§ **Task item**
Output only the lines from the line holding "Yiyaliora Gold 14K Halka Küpe" through the close of the records, exactly as they appear, with all pictures omitted.

[Items from a data source]
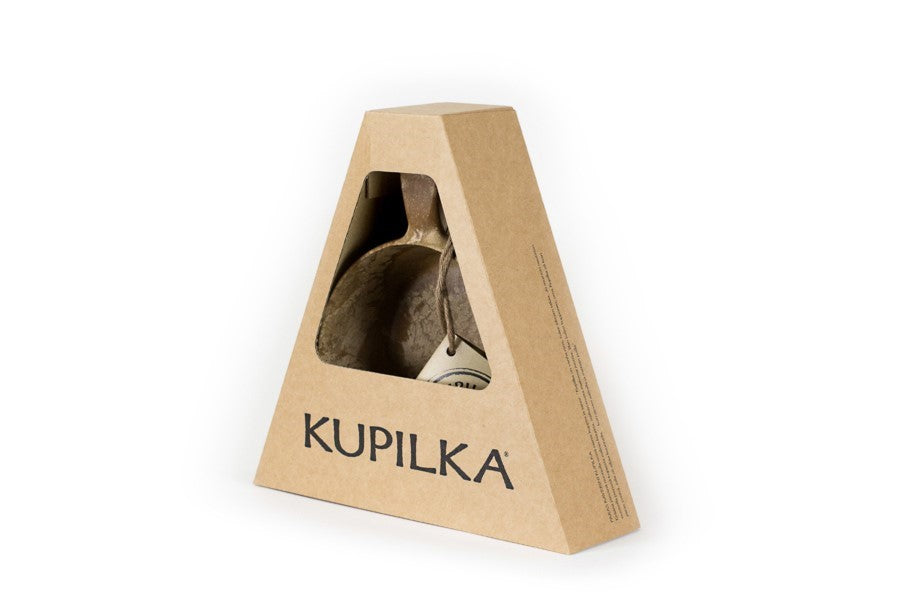 Kupilka 55 Bowl in Naturbraun in einer dreieckigen Kartonverpackung mit Sichtfenster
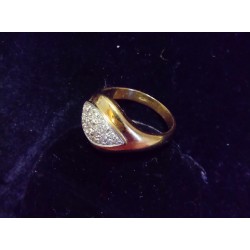 RING IN YELLOW GOLD - 18 CARATS - DECORATED WITH 25 GLOSSES OF 0.01 CARAT EACH - SIZE 55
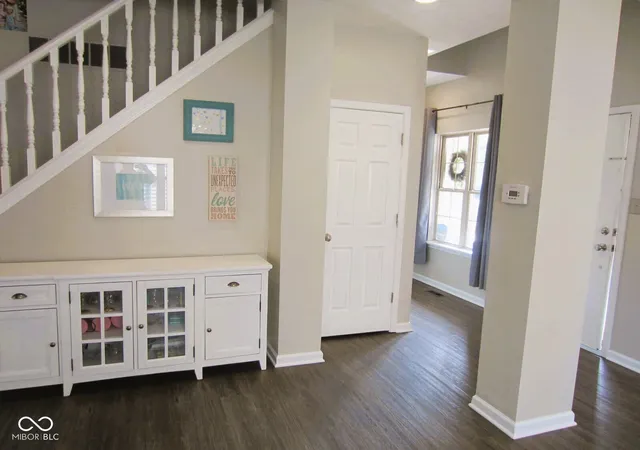 Photo 4 of Single family home for sale at 10543 Greenway Dr, Fishers, IN 46037 | MLS# 22126718 | Listing updated on 2026-09-21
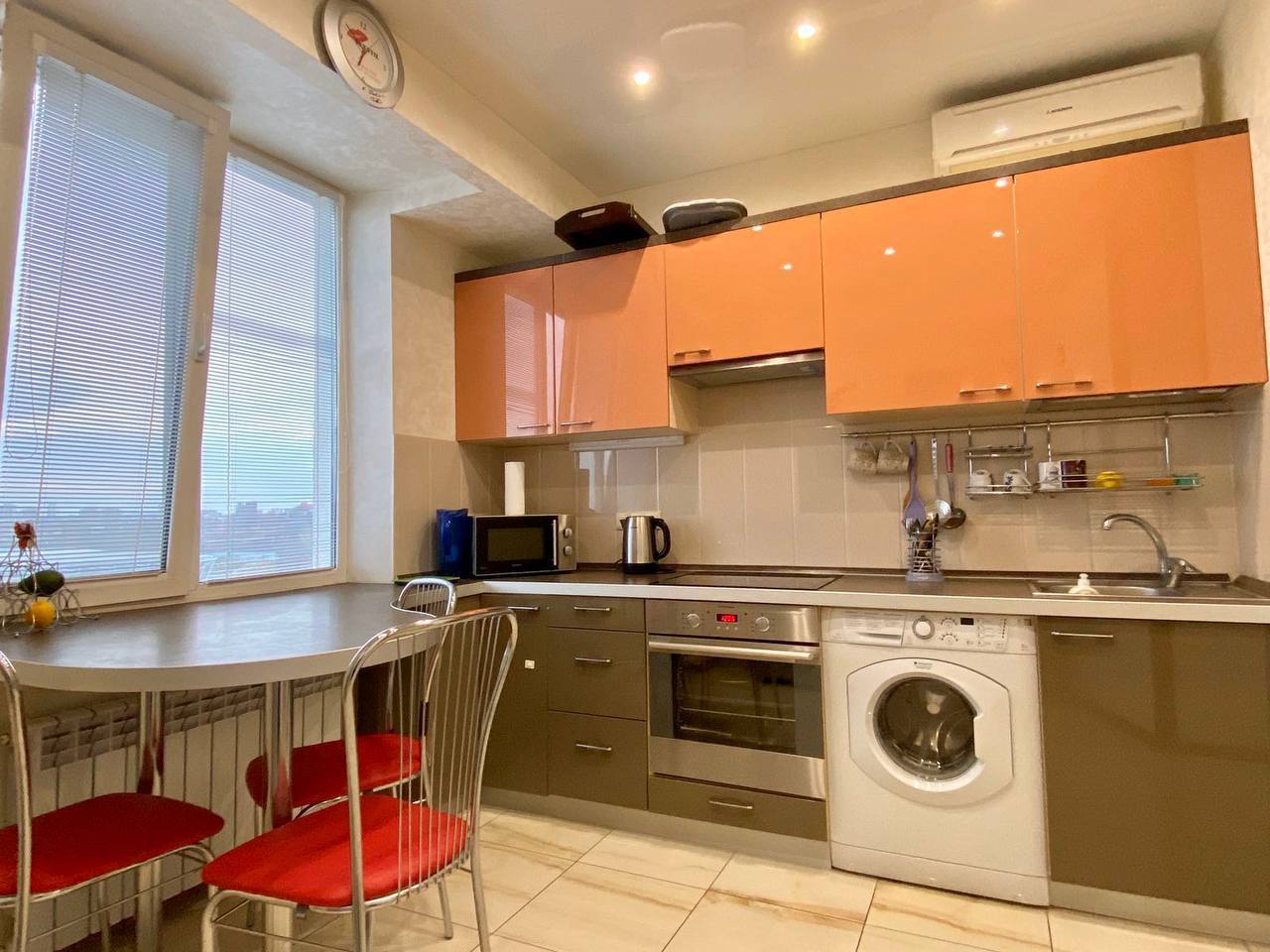 Аренда 2-комнатной квартиры 61 м², Александра Поля просп.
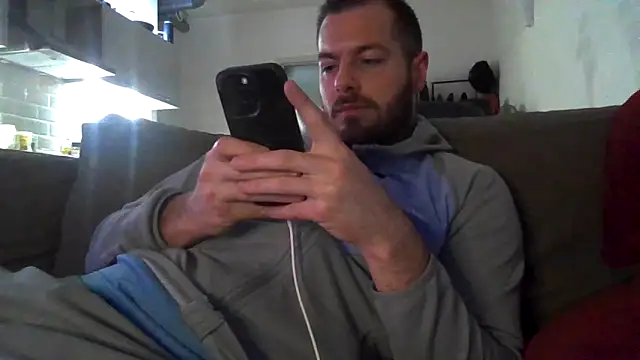 Czat XXX na żywo – THE_CHEEKY_ALPHA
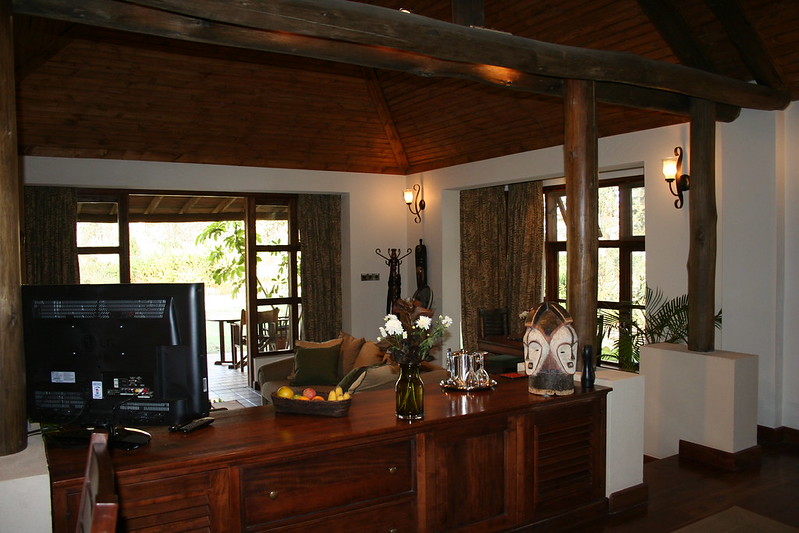 10 Days luxury Tanzania Kenya Uganda gorilla safari serengeti national park, Masai mara national reserve, Bwindi Impenetrable national Park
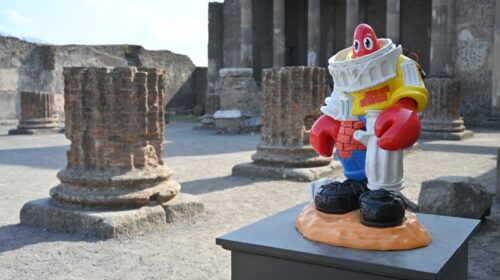 Dalle rovine antiche alle icone pop: a Pompei dal 27 luglio Philip Colbert in Pompeii: Pop Mythology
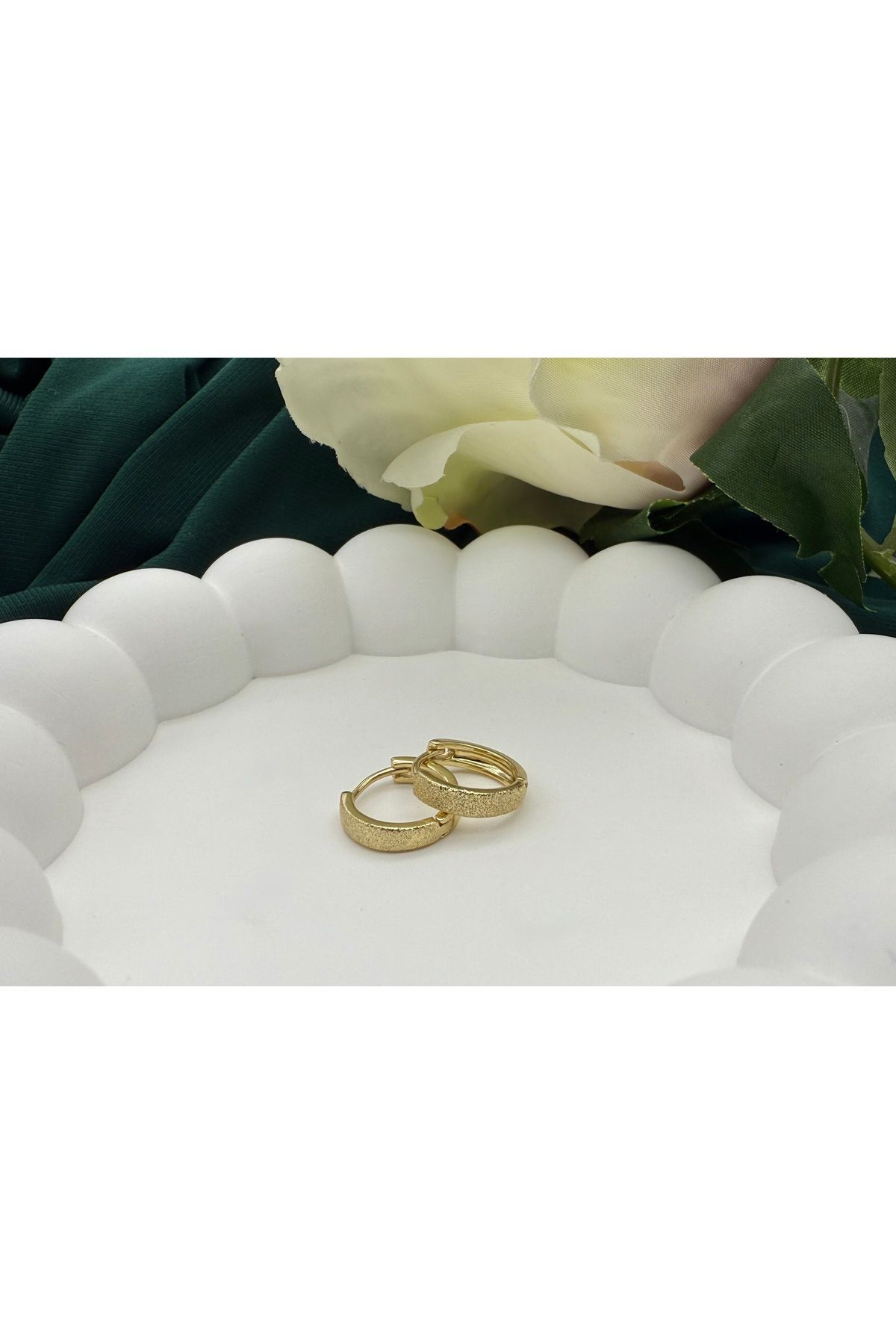 Yiyaliora Gold 14K Halka Küpe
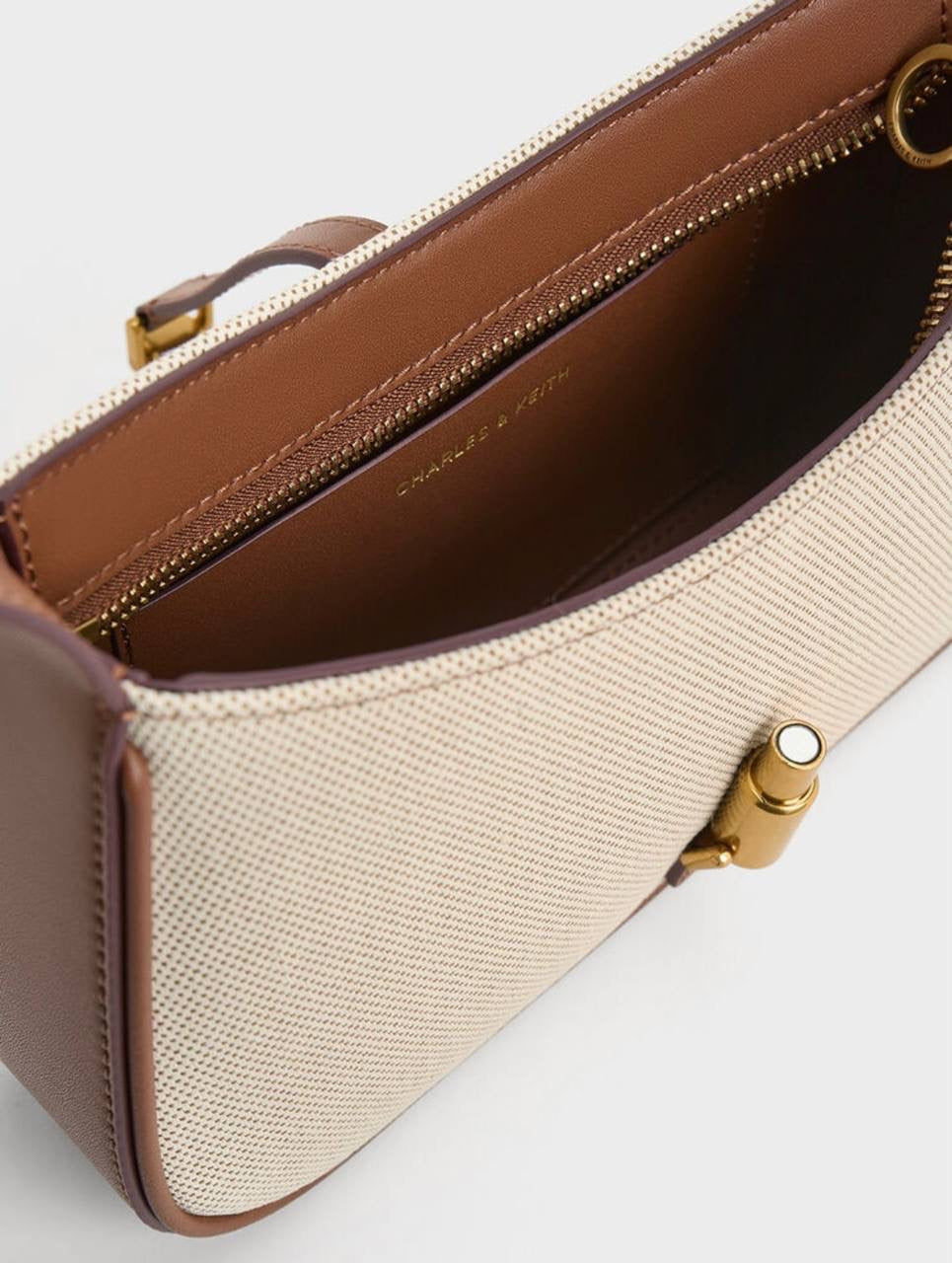 Cesia Ombre Shoulder Bag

§ **Completed exercise**
 Yiyaliora Gold 14K Halka Küpe
 Cesia Ombre Shoulder Bag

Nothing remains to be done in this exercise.